The determination of the first question depends upon the proper construction of the proviso contained in the 194th section of the Terrell election law of 1905. That section is as follows: "This Act is cumulative as to elections and penalties for violating the election laws of this State; except that it shall repeal the election Act approved by the Governor April 1, 1903; provided, that this Act shall not interfere with or repeal any local option or special laws of this State, except as herein specially provided and set forth." (Laws 1905, p. 564.) If the words in the proviso, "special laws," be taken in their restrictive technical sense, then the question should be answered in the affirmative, but if they be taken in their more popular and enlarged sense, as meaning "laws specially provided for," or "laws providing for special elections," then a negative answer should be given to the question. Technically a special law is a law which applies to an individual or individuals or to some individuals of a class and not to all of a class. But we have no doubt that in its technical sense the laws for the removal of county seats by election are general or public laws and not private Acts.
But there is another sense in which the word special as applied to laws is used. General is opposed to special and hence any law which makes provision for a special election is a special law in its popular sense. Therefore laws for a local option election, for a stock law election and others of a like character, while general in a technical sense are frequently spoken of not only in ordinary conversation as special laws but also by eminent jurists and judges of our higher courts. As pointed out by counsel for appellees in their brief, in Ellis v. Batts (
We see no good reason for excluding elections under special laws technically so called from the operation of the Act and including other special elections. Elections under special laws strictly so called are of infrequent occurrence, and as a rule are subject to precisely the same conditions as an election for the removal of a county seat, for a stock law and the like. There is usually in all such merely a proposition to be voted upon and the question is, shall it be adopted or not. This makes a broad line of distinction between general elections for the choosing of officers to conduct the government in which numerous candidates are to be voted for and elections specially provided for in which the people express their will upon a single proposition. It would seem a wise policy to except the latter from the provisions of a law regulating the former and to leave the latter unembarrassed by the restrictions thrown around the former. Many of the regulations as to the preparing the ballot are inapplicable to a special election and can not be literally complied with.
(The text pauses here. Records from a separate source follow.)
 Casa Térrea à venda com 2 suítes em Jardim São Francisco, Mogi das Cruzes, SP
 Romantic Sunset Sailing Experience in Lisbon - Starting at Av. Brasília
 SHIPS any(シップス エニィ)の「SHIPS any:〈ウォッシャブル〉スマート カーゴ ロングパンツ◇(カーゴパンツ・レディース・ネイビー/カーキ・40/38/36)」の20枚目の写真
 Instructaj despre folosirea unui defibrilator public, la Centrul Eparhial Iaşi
Subdivision 6 of article 3268 of our Revised Statutes expressly provides that: "In all interpretations the court shall look diligently for the intention of the Legislature, keeping in view at all times the old law, the evil, and the remedy." We think the Legislature did not intend to make the Terrell election law applicable to special elections. There has never been so far as we are aware of any complaint in reference to the operation of laws affecting such elections. The evil was in the laws affecting the general election and it was the purpose to remedy them only.
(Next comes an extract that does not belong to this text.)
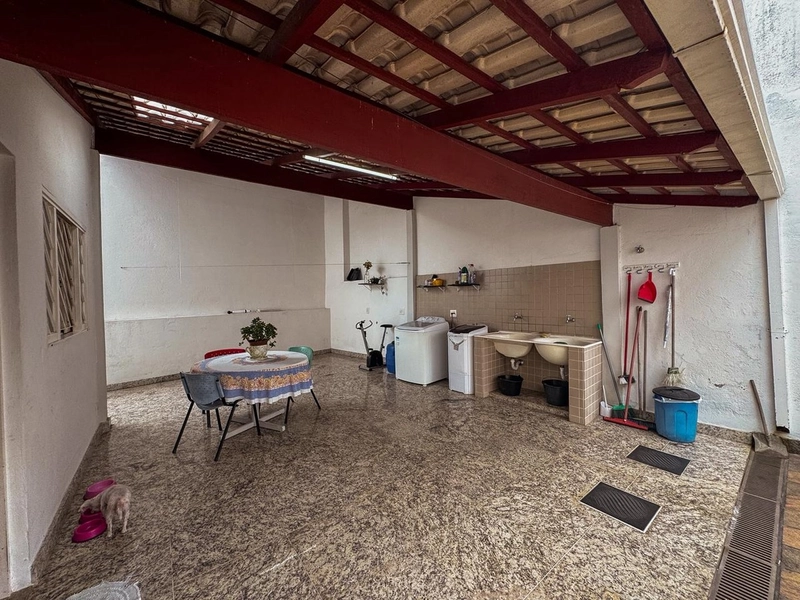 BELÍSSIMA CASA Á VENDA | BAIRRO  ALIPIO DE MELO  | 5 QUARTOS | SAUNA: 40ª foto da galeria de imagens do imóvel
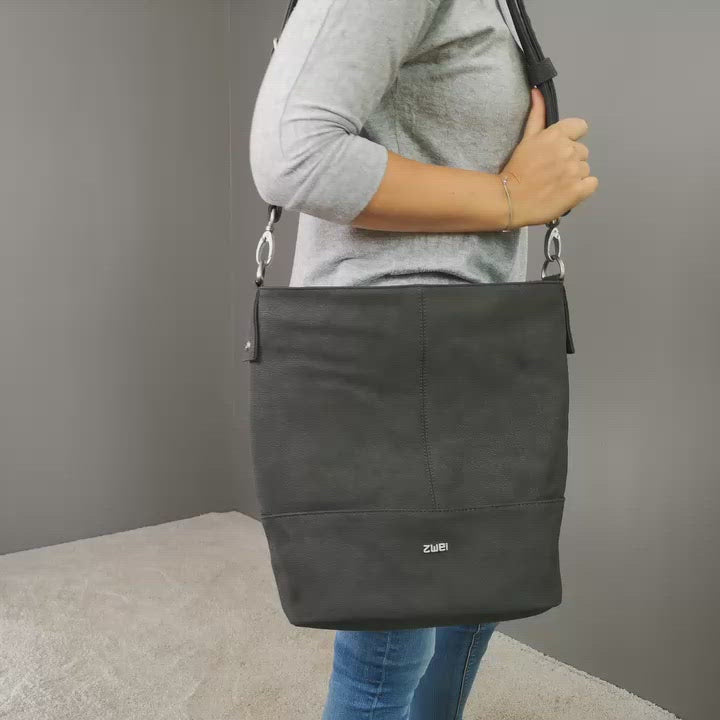 Zwei Mademoiselle M. Rucsac MR13 gri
There are some provisions in the Terrell law which apply to special elections of the character of that in controversy, from which it may plausibly be argued that it was not the intention to except them from its provisions. But section 194 was added by amendment in the Senate after the bill had passed the House. The final passage in both houses was upon the last days of the session. It was hardly to be expected that in a bill of such complication consisting of 195 sections, under the pressure of business incident to the last days of the session, they would look back to eliminate every incongruity in the bill after incorporating the exceptions provided for in section 194.
We answer the first question in the negative, which eliminates the condition upon which an answer to the second was requested.